Task »
Without copying any picture, transcribe exactly the lines of the data below from the one containing "mens glamour magazines for sale mens" through the one containing "JBSTights Event Moose".
-------- Data section --------
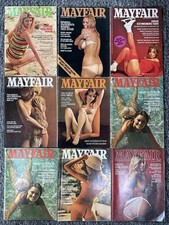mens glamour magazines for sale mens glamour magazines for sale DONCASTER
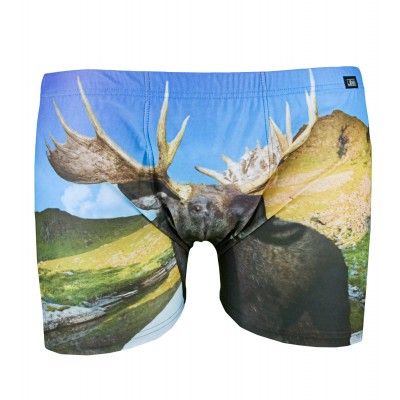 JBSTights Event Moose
--------
-------- Data section --------
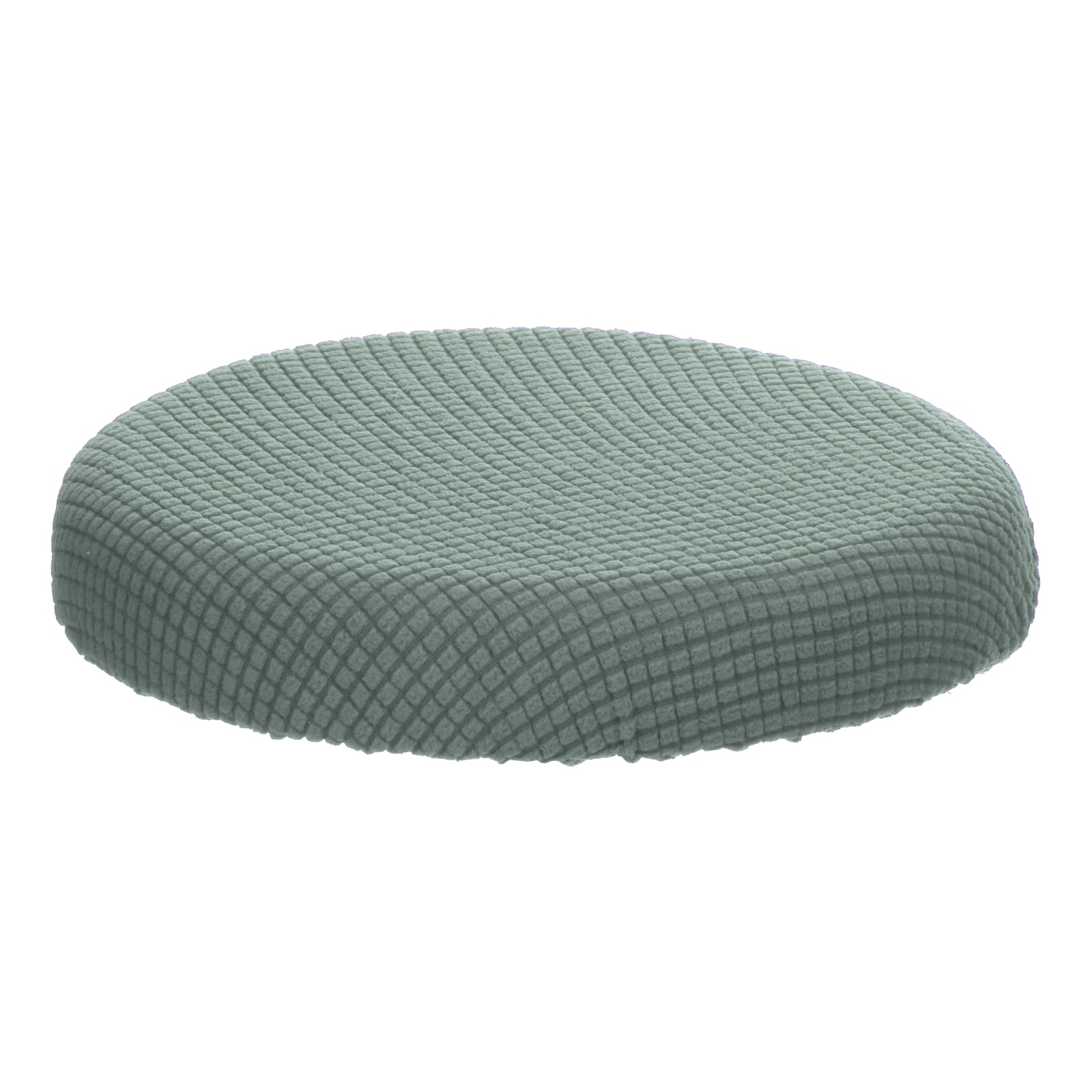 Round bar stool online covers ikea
--------
Final answer »
mens glamour magazines for sale mens glamour magazines for sale DONCASTER
 JBSTights Event Moose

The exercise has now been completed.